A reconfiguração histórica expande essa dinâmica ao conectar a Peste Negra medieval à crise de AIDS nos anos 80 na Espanha, criando uma genealogia de dor e resistência vivida por mulheres queer que, ao contrário do que ocorreu na vida real, foram frequentemente excluídas das narrativas dominantes sobre a epidemia. Casanova questiona a negligência estatal e o autoritarismo que atravessaram diferentes eras, reposicionando essas vampiras como figuras que denunciam silêncios estruturais.

O núcleo das irmãs encarna uma constelação de afetos que mistura cuidado e conflito em um ambiente tomado por medo, escassez e rejeição. A urgência que envolve a busca por sangue humano limpo transforma essas relações em exercícios de sobrevivência emocional e física, revelando como laços familiares queer se sustentam apesar do antagonismo externo. O romance proibido entre Verónica e o humano Felipe(Omar Ayuso), acrescenta uma camada de erotismo e perigo que atinge seu ápice em uma das sequências mais marcantes da série ambientada no século 19, na qual desejo, musical e morte se entrelaçam com intensidade. 


Filmada inteiramente em 16 mm, “Silencio” assume uma estética que ultrapassa a lógica serializada e se aproxima da materialidade do cinema independente europeu.
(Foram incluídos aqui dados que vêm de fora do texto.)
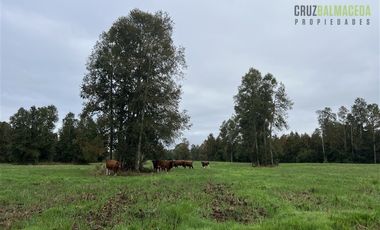 Agrícola en Venta en 88 hectáreas Agrícolas, a 25 minutos de Purranque y Ruta 5 sur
O uso de tons pastel e da assinatura visual de Casanova cria um mundo que parece simultaneamente encantador e perturbador, especialmente quando os efeitos de maquiagem intensificam as transformações físicas das vampiras. Os interlúdios musicais delirantes, somados à presença de “Porque te vas”, de Jeanette, compõem um ambiente sensorial que brinca com o absurdo sem abdicar da carga emocional.

O repertório queer que estrutura “Silencio” encontra força ao centrar personagens frequentemente deixadas à margem do discurso sobre HIV e AIDS. Ao colocar mulheres e vampiras queer no protagonismo, Casanova desestabiliza hegemonias narrativas e questiona como o estigma se instala de forma desigual entre diferentes corpos. A metáfora das vampiras funciona de maneira surpreendentemente eficiente ao reconstruir debates sobre medo, rejeição e desejo reprimido, reafirmando como o preconceito produz isolamento e destrói vínculos afetivos. 

“Silencio” configura um dos trabalhos mais inventivos de Eduardo Casanova ao equilibrar fantasia e política em uma estrutura que jamais sacrifica caráter autoral. Os episódios curtos aprofundam a intensidade narrativa e favorecem uma experiência condensada que impacta tanto pela violência simbólica quanto pelos lapsos de delicadeza. A mensagem final se impõe com clareza ao denunciar que o silêncio continua produzindo sofrimento e ao reivindicar visibilidade para histórias queer que persistem apesar do apagamento.